Hey there! My name is Luciana De Jesus, a rising senior at the University of Pittsburgh in the Frederick Honors College. I am majoring in Classics and Gender, Sexuality, and Women’s Studies with a Certificate in Writing. I am so honored to share that I have been awarded the Brackenridge Fellowship via the Frederick Honors College, and am excited to spend the Summer conducting my research!

My research is entitled, Writing as Recovery and Change in Classical Ballet, and uses the modality of a blog to investigate, criticize, and discuss the current pedagogies, traditions, and values of the institution of classical ballet. I am working under my very gracious and amazing research mentor Dr. Courtney Colligan!

Visiting the Royal Opera House in London Summer 2023 during the London Field Studies!

The world of Classical Ballet refuses change. Part of its novelty and its gracefulness, is its perceived time portal into the Imperial powers of Russia, of France, or even to 1950s America. But intense nationalistic nostalgia always stands on top of those oppressed by these powers. Ballet’s history of functioning relies on the subjugation of the body, the policing of it. The control of its appearance not just in weight but also specific build and skin color. Standing on ‘tradition’, ballet continues to hurt and harm those who don’t fit into its specific mold. 

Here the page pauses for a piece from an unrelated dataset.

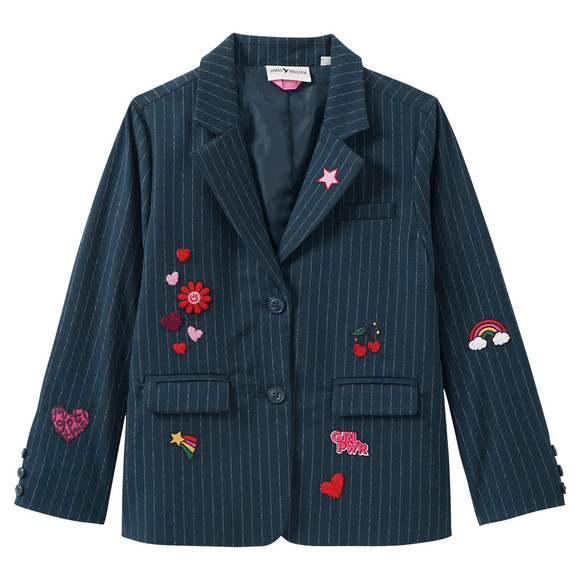 Mädchen Blazer mit Stickerei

Many of us have some sort of stake or experience with the ballet world. I danced ballet for almost thirteen years pre-professionally before quitting at age 17. Most people tell me that they tried ballet at three years old, then never again. It is an inside joke among dancers that this comment annoys them, but to me it is hilarious and accurate. Very rarely do three year old’s (or any child) actually enjoy the structure and discipline of the ballet studio. In fact, I spent my first ballet recital running around the stage, ignoring the choreography, waving to my Mom in the audience. Whatever your experience is: you are a dancer, you know or love a dancer, or you used to be a dancer, it is important for us to want things to change for the better. 

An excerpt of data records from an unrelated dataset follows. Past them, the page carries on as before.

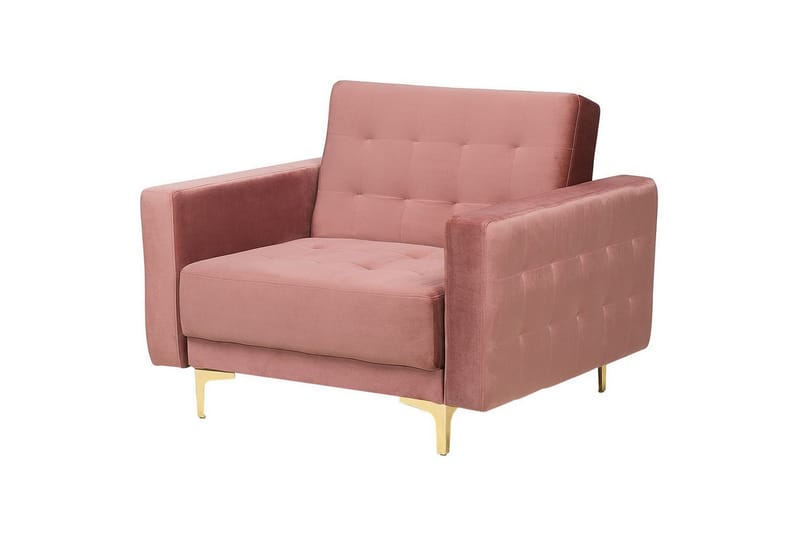 Soffgrupp 5-sits Aberdeen Rosa/guld - Rosa/guld - Möbler - Soffa - Soffgrupp - Howard soffgrupp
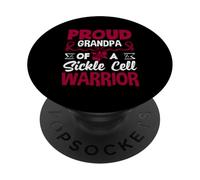 Orgulloso Abuelo de un Guerrero de células falciformes PopSockets PopGrip Adhesivo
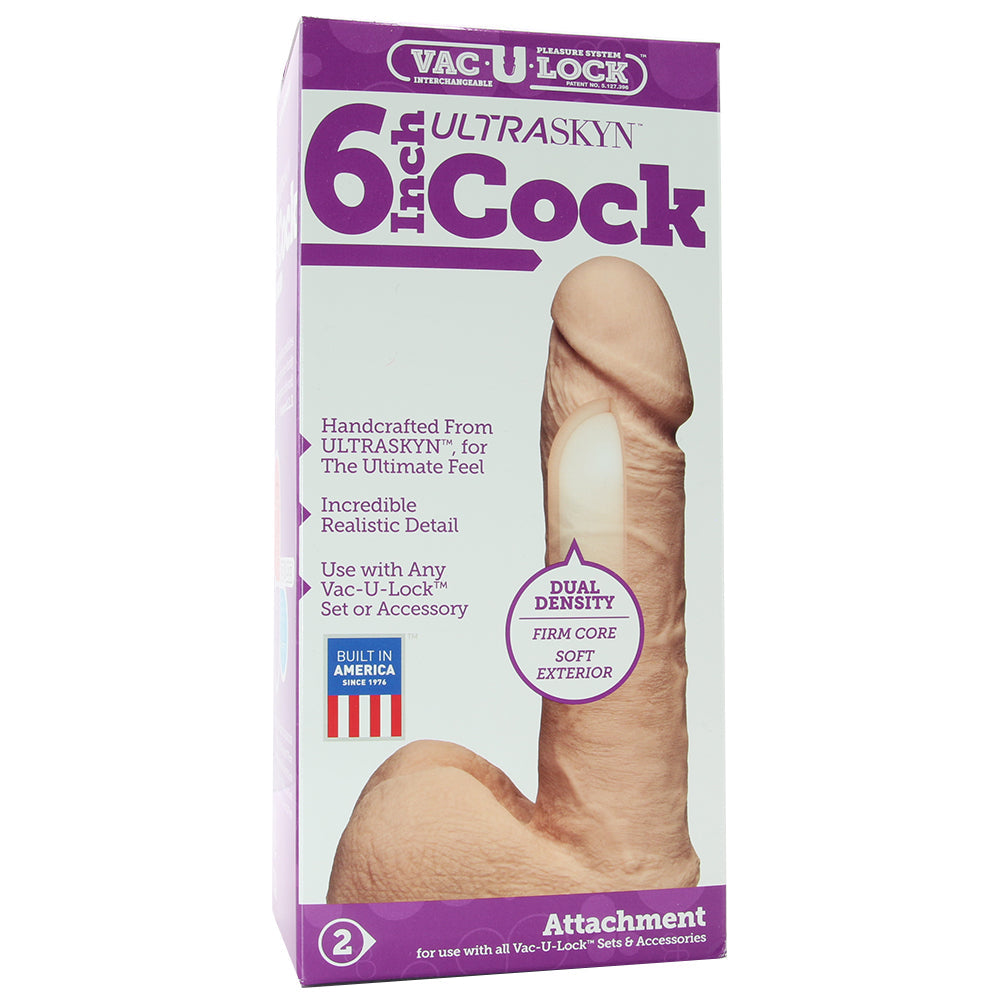 Vac-U-Lock 6 Inch ULTRASKYN Cock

The Brackenridge Fellowship has given me the space and time this Summer to think deeply about the stakes of this project, and the pervasive problems of the ballet world that I think need changing. I am hoping the work and experience of this Fellowship will give me the skills I need to pursue graduate school in the future. I am excited to see what the future holds for this project, thanks for reading!